Cruise ship pollution around ports higher than pre-pandemic levels, but air pollutants from cruise ships fell 80% in Venice following the city’s ban on large ships.
Toxic air pollutants from cruise ships around ports are higher than pre-pandemic levels, leaving Europe’s port cities choking in air pollution, a new Transport & Environment study shows. Despite the introduction of the UN shipping body’s sulfur cap in 2020, last year Europe’s 218 cruise ships emitted as many sulfur oxides (SOx) as 1 billion cars. However, at the port of Venice air pollutants from cruise ships fell 80% following the city’s ban on large cruise ships. It shows that it is possible to tackle air pollution, says T&E, which calls for greater electrification at ports in order to save lives.

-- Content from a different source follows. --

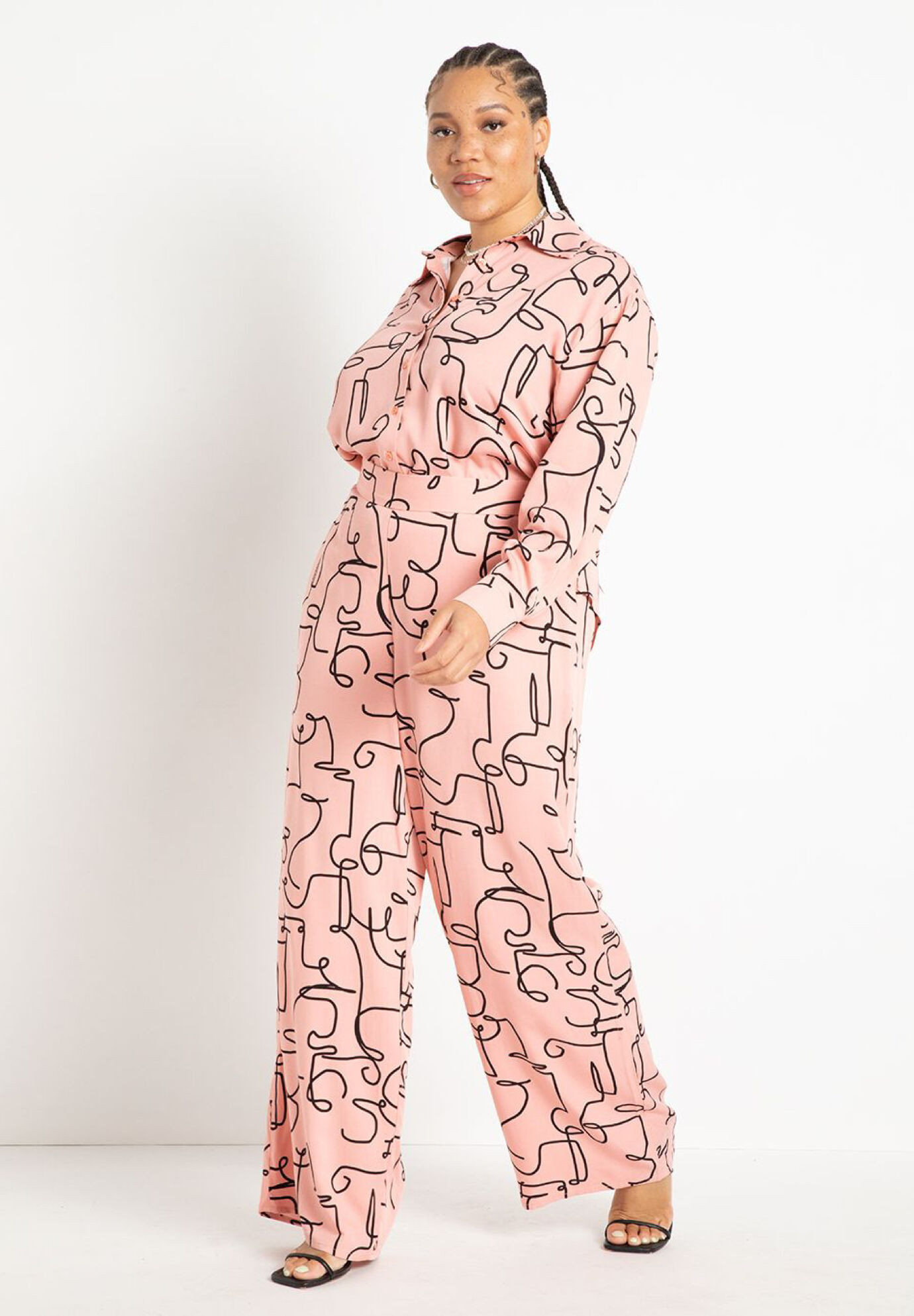 Printed Wide Leg Pant | Eloquii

Constance Dijkstra, the shipping campaigner at T&E, said: “The pandemic provided some respite for port cities, but this is now well and truly over. Cruising is back and tourist hotspots like Barcelona and Athens are again choking on toxic air pollution from cruise ships. Venice has shown that tackling cruise ship pollution is possible, but bans aren’t the only way. Ports can significantly reduce pollution levels by forcing ships to plug into electricity at the port instead of running their engines, and by supporting the adoption of zero-emission fuels.”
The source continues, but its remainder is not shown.